Argumentos de juiz para soltar PMs flagrados em execução são contraditórios

 

Para o juiz Alexandre Abrahão, do 3º Tribunal do Júri, que revogou as prisões dos policiais militares do 41º BPM (Irajá) flagrados, em vídeo, executando dois traficantes, no último da 31, em Acari, na Zona Norte do Rio, os dois PMs não prejudicaram as investigações nem a instrução do processo. O magistrado sustenta que os agentes prestaram depoimentos de forma espontânea e que, após o crime, mantiveram o local íntegro para a perícia. Entretanto, pelo menos uma testemunha, laudos periciais e depoimentos se chocam com o que alega o juiz.

Num documento que faz parte do inquérito da Delegacia de Homicídios (DH), uma parente de Julio Cesar Ferreira de Jesus, um dos dois traficantes executados, acusa os PMs de tentarem fraudar a cena do crime. Em seu relato, a mulher afirma que “os PMs tentaram retirar o corpo do local, mas foram impedidos pelos moradores”.

Em dois relatos que também fazem parte do processo, o sargento David Centeno dá versões diferentes sobre o caso. Na primeira, ele omitiu ter atirado no homem já caído e se limitou a dizer que viu “dois homens caídos ao solo”. Num segundo relato, após ver o vídeo, Centeno muda a versão, admite que fez o disparo contra o suspeito, “acreditando que pudesse haver risco pessoal”.

A DH também apura a veracidade do depoimento do cabo Fábio Dias, que só mencionou ter dado um disparo, o da execução. No entanto, outro projétil de seu fuzil foi encontrado no corpo de Maria Eduarda.

Cabo Dias só mencionou disparo Foto: Reprodução

Abrahão escreveu que “os denunciados, enquanto sujeitos de direito submetidos a uma relação processual, até aqui não criaram qualquer embaraço a instrução da investigação e ao processo. Chamados na Delegacia de Homicídios (DH), lá compareceram espontaneamente para dar suas respectivas versões sobre o ocorrido (…), colaboração esta que pode até ser empregada contra eles durante a relação processual aqui iniciada. Além disso, mantiveram o local dos fatos íntegros para análise dos peritos, não ocorrendo sucesso maior por obra dos populares. Resta a gravidade do crime. Não é ela o combustível correto para levar ao cárcere meros investigados”.

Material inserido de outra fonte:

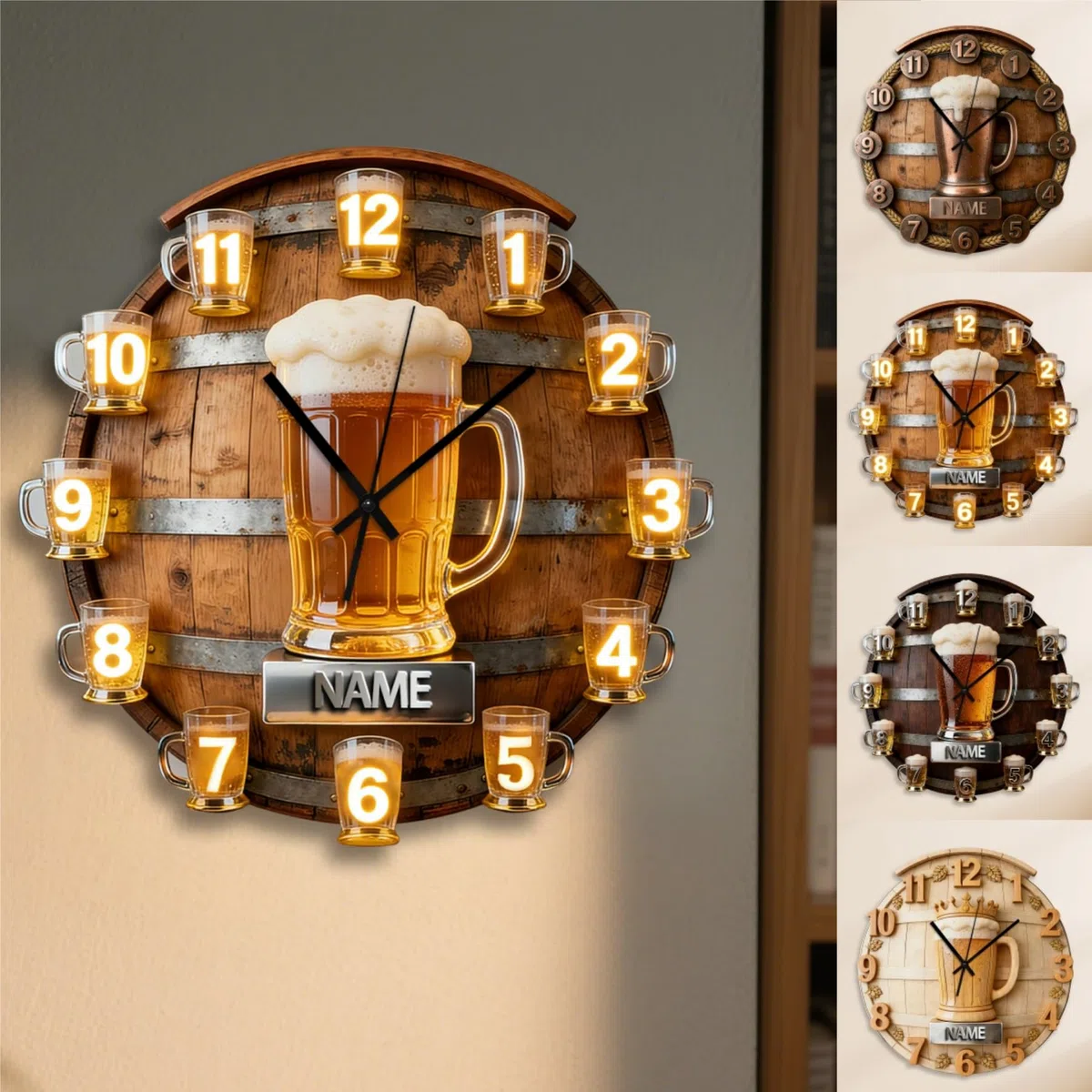 Reloj de pared personalizado con temática de cerveza para dormitorio, sala de estar, oficina, bar, club, nombre personalizado, Cheers, jarra de cerveza, arte de pared, impresión plana 2D, decoración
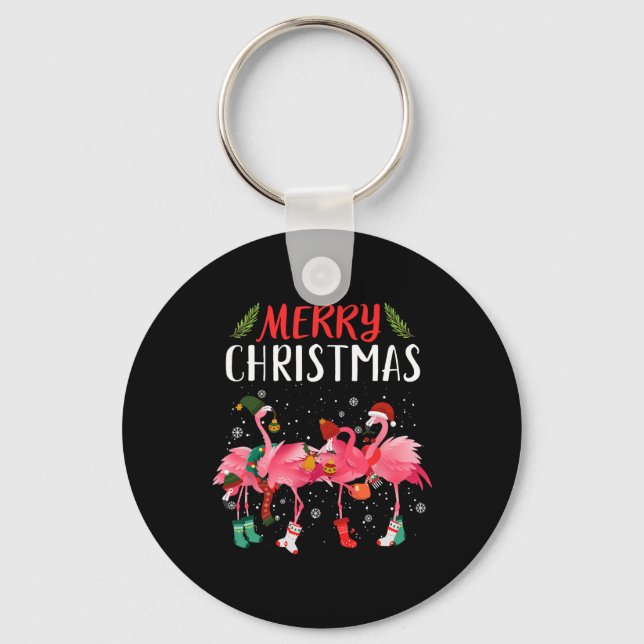 God jul Rosa Flamingo Julgran Julafton Nyckelring (Framsida)
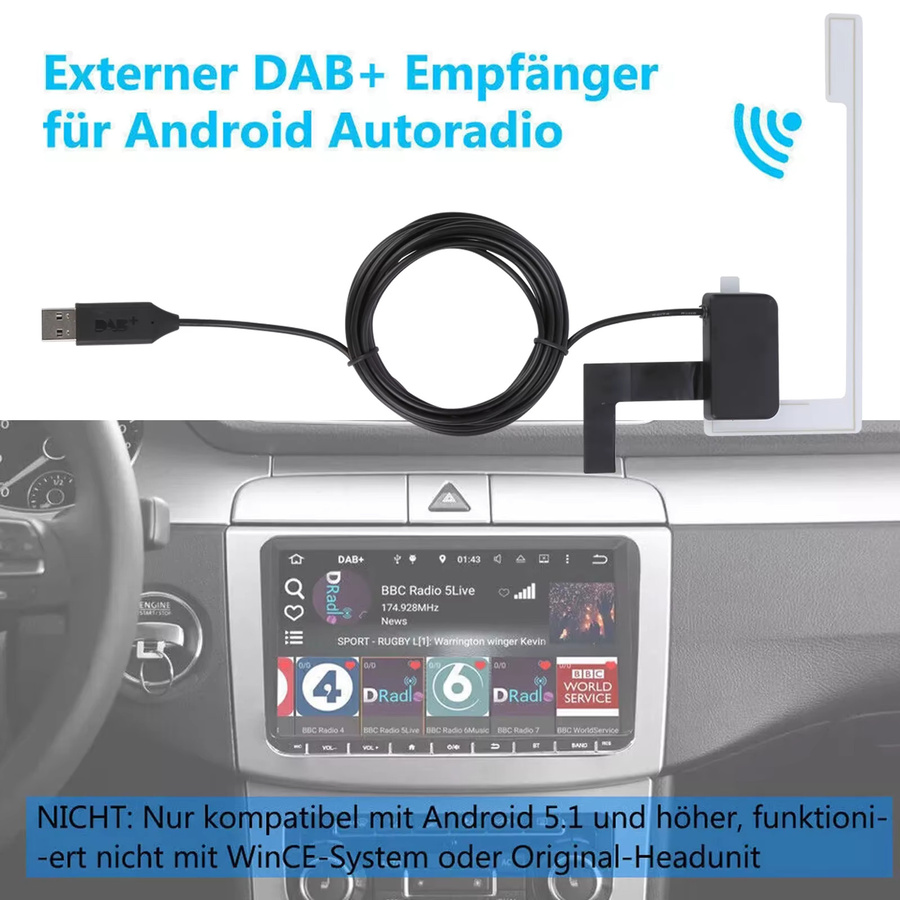 ESSGOO USB DAB+ Digitaler Tuner Adapter für Android Autoradio Hauptgeräte in Schwarz und Grün - Bild 3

Centeno e Dias se envolveram em 37 autos de resistência — mortes de suspeitos durante operações policiais — desde 2011. Os dois, juntos, participaram de uma dessas ocorrências. Já as demais mortes ocorreram em ações com outros colegas de farda — Centeno é envolvido em outros 10 autos de resistência e Dias, em 26 ocorrências. Os dois ainda são investigados no inquérito da DH que apura a morte da menina Maria Eduarda Alves da Conceição, de 13 anos.

O magistrado recebeu a denúncia e converteu as prisões em medidas cautelares: o cabo Dias e o sargento David Centeio terão que ser transferidos do batalhão e não poderão participar de operações. Eles só poderão realizar funções administrativas.

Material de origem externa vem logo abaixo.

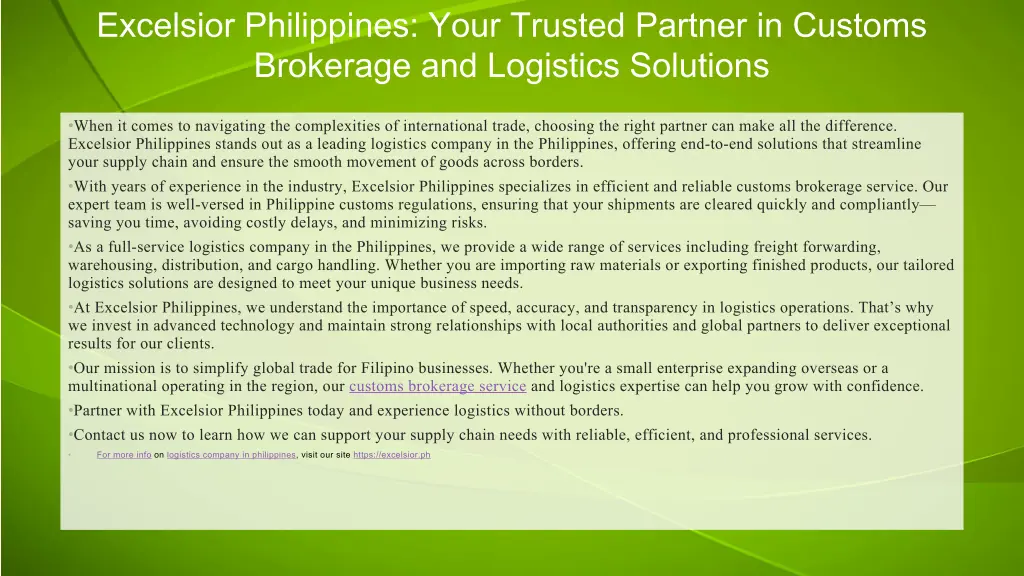 excelsior philippines your trusted partner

Na decisão, Abrahão escreveu que ponderou sobre a “voz das ruas”: “Meditei muito sobre cada detalhe deste procedimento. Olhei, por horas, todo o acervo a ele atrelado. Ponderei especialmente sobre a voz das ruas”.

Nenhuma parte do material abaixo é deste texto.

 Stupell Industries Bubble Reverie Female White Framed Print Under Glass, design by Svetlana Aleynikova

O juiz também afirmou que sabe que será alvo de “apedrejamento público”. “O julgamento destes fatos me dá a convicção de que a decisão, seja ela qual for, será alvo de apedrejamento público. Especialistas, mesmo sem conhecer o processo, farão julgamento, criarão teses conspiratórias, insinuações, etc. Este processo revela delicada polarização”, alega o magistrado no despacho.